Networking is chatting with another parent in the pickup line at church. Networking can be chatting with the barista at the coffee shop, or the person in line behind you at the grocery store.
Recently, my two year old and I were on a date night: chocolate milk from Starbucks (for him) and a latte (for me), along with all the toddler-directed wandering through the neighborhood and grocery store that he wanted. (For the record, going into the grocery store was his idea not mine. He loves getting go-shees.)
We took about 30 minutes to go about 100 yards. And we saw several people more than once as they came and went in the time it took us to go 25 yards.
Some stopped to say hi, or make other comments to him. One lady, Crystal, stopped and chatted for a few minutes. She has a son a little younger than mine, so we compared notes on raising little boys.
As she was leaving, she casually mentioned that she works at a local barber shop, and does child haircuts.
Incidentally, it’s the same shop my husband gets his hair cut at, and it never occurred to me that they did kids cuts. I haven’t been there myself. You can bet that if and when we take him somewhere for a cut, I’ll go there.
At the time, I didn’t catch her name, but I assumed that I would recognize her if we went to the barber shop. Sure enough, several weeks after our grocery store encounter, my husband and I took our son to the barber shop to watch Daddy get his hair cut. He is terrified of the clippers, so we figured watching Daddy might help ease the fear.
Crystal was working, and immediately engaged our son in play and showed him her tools and how things worked. This had no financial benefit to her – she wasn’t the one cutting my husband’s hair. She genuinely loves children. After we had been there several minutes, she commented that we looked familiar. I reminded her about the grocery store, and she remembered.
Before we left, she gave us her card, which she had written her hours on. This was extremely helpful, and gives me concrete information to engage her services.
From this encounter, we can see four ways that networking can be effective, while also being completely natural to our personalities and daily activities.
Four natural and effective networking tips
1. Make a connection
What do you have in common with the person? Strike up a conversation. This really can be as simple as “Wow, isn’t it a beautiful day.” Or, in our example, commenting on how cute my son was and what fun we were having.
2. Offer something of value
As the conversation warrants, share something that can help the other person – no strings attached. Crystal the hairdresser exchanged parenting tips and stories that were relevant to both of us – and had nothing to do with her business.

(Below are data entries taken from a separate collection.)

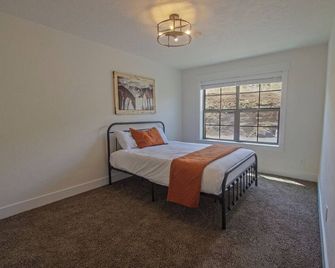 Rustic Retreat For The Whole Family! Hot Tub, Game Room. Sleeps 16+ Valley Views - Ellensburg - Bedroom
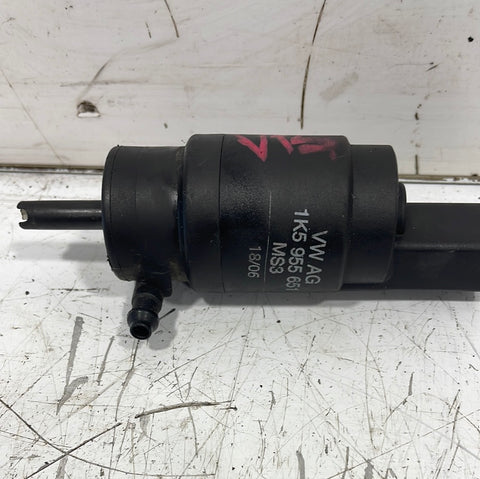 Volkswagen Crafter FWD WINDSCREEN WASHER PUMP 2013-2023 P/N 1K5955651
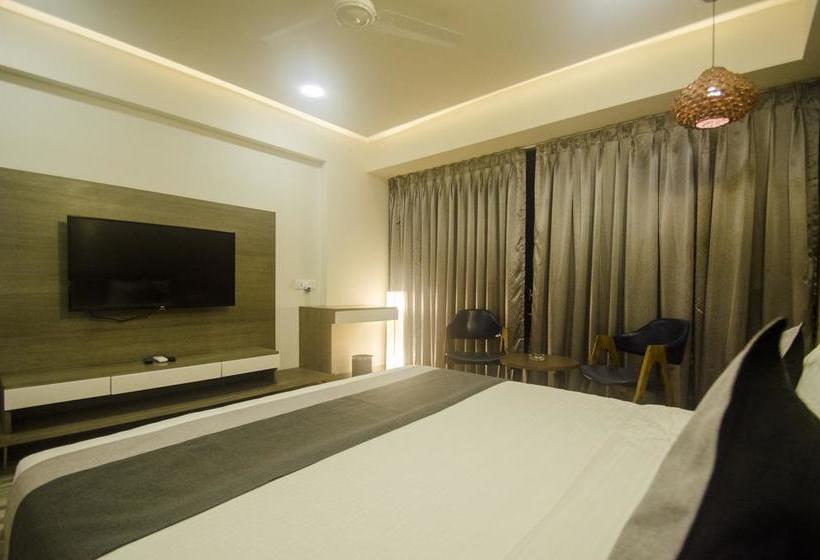 Hotel Grand Elegance 11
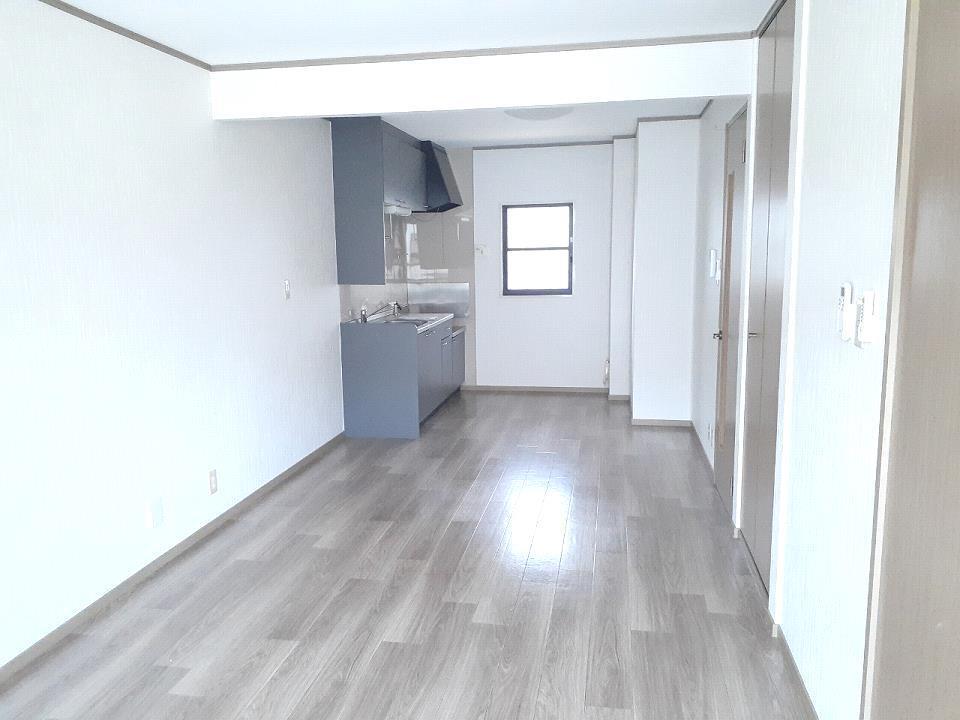 居室・リビング　※写真は同タイプのお部屋です。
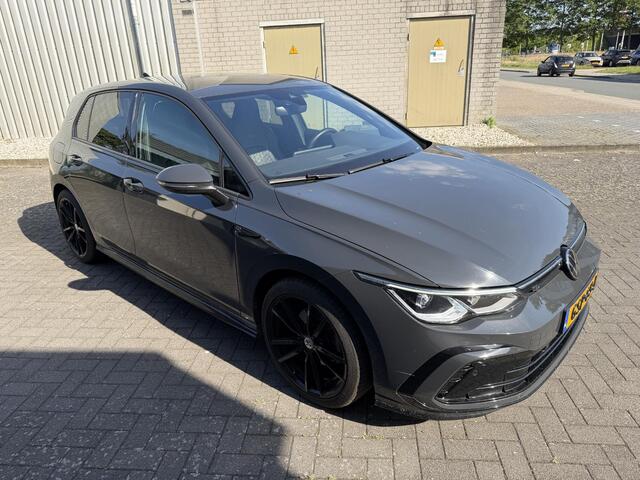 Volkswagen GOLF 1.5 eTSI R-Line | Camera | Adaptive |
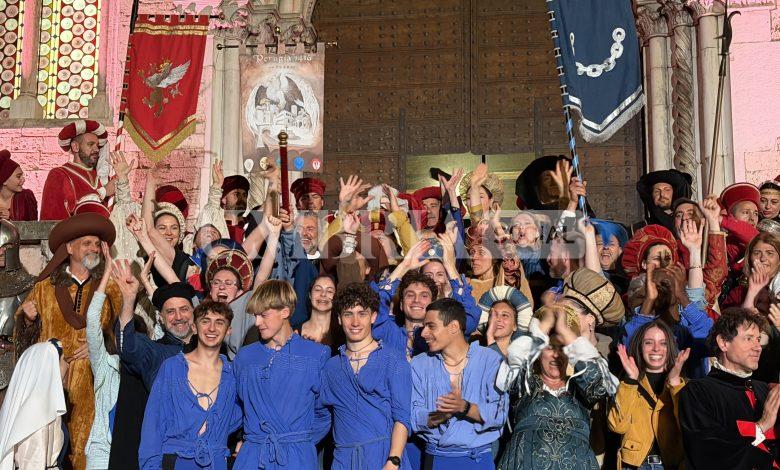 Perugia 1416, il Palio lo vince il Magnifico Rione di Porta Santa Susanna (foto) 2 Perugia 1416, il Palio lo vince il Magnifico Rione di Porta Santa Susanna (foto) 1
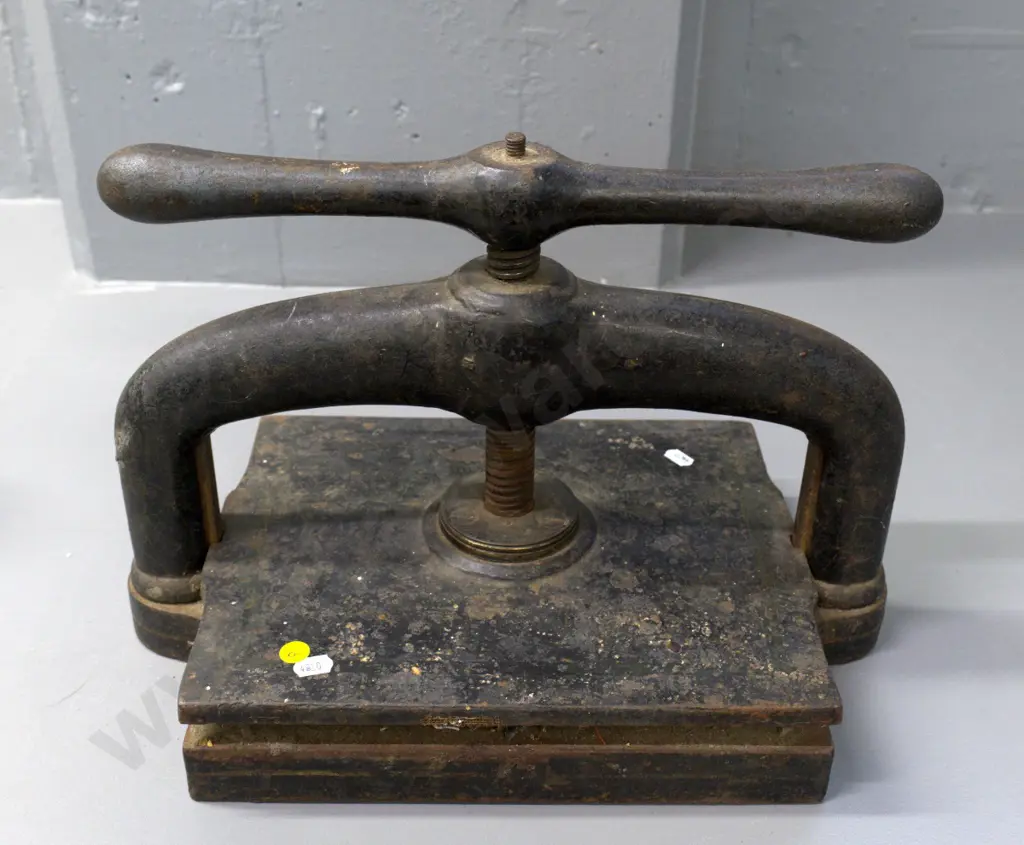 heavy cast iron book press - some surface corrosion, missing top cap? H-300 W-410 D-250 Image 1++
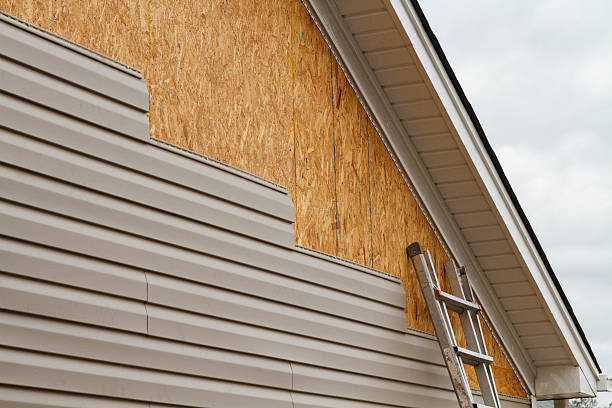 Professional Siding Inspection technician working in Sherwood, MD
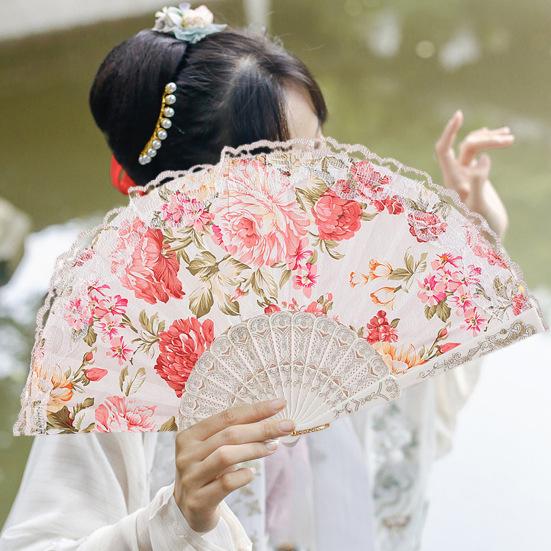 Éventail pliant Vintage en dentelle, motif de fleur de pivoine, éventail de danse chinoise portatif, main d'été pour la photographie et les événements de danse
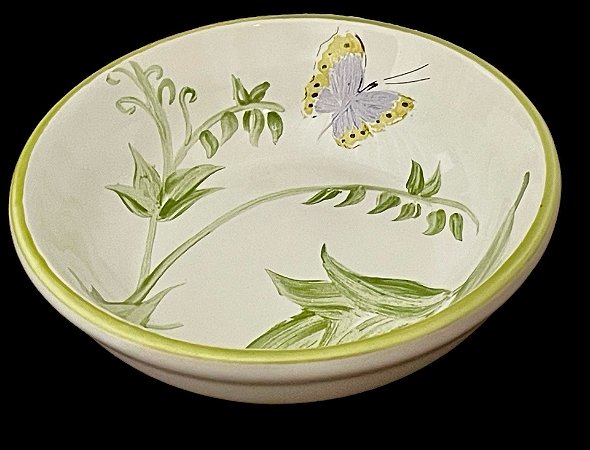 Prato em porcelana pintado a mão com detalhes de borboleta , mede 17x5 cm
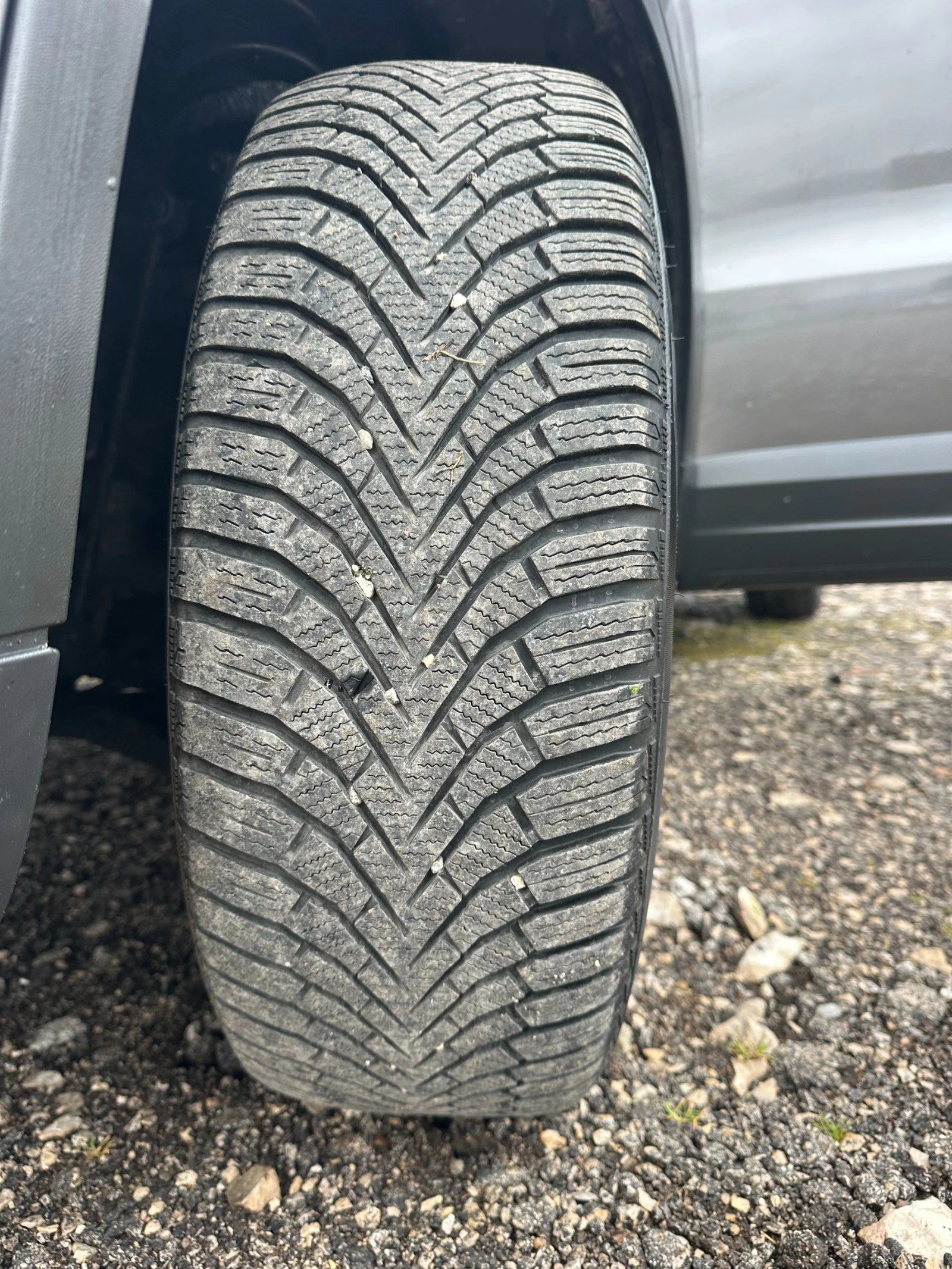 VW Tiguan 2.0TDI 140kc 4X4 AUTOMAT, снимка 15 - Автомобили и джипове - 53945927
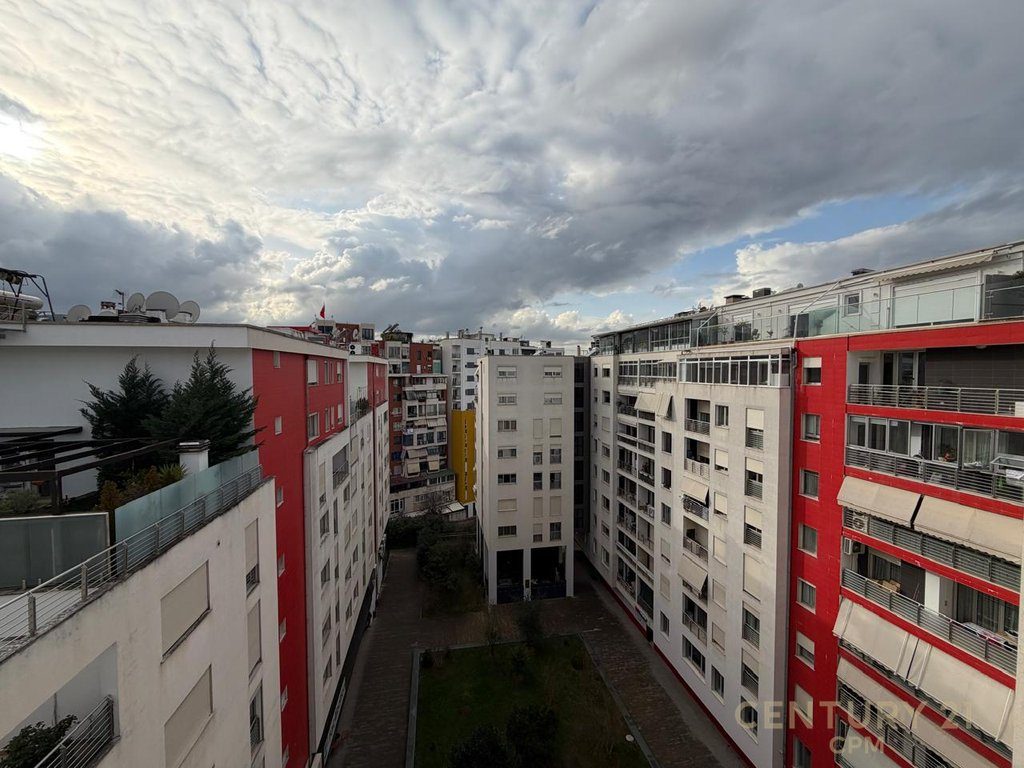 Apartament 2+1 në shitje tek Liqeni i Tiranës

And once we were in the shop, she showed our son the ropes and did her best to make him comfortable in the environment – with no immediate benefit.
3. Casually share what you have to offer and how the person can find out more.
Make sure that the person knows you have a business that can meet their need (stated or implied), and how to find out more. Mentioning where she worked was perfect in the grocery store. And giving us her card and hours was appropriate when we were already in the shop.
4. Do not be spammy, push or try to make a sale.
If Crystal had walked up to us in the grocery store and said, “Hey, looks like your son needs a haircut. I cut hair. Here’s my business card.” I would have been totally turned off. But she didn’t. She made a connection first.
One key thing to remember: Networking to find clients or jobs is a long term game. It’s about relationships. You don’t network to get a client or a new job today. Network to build connections and benefit your career or business down the road.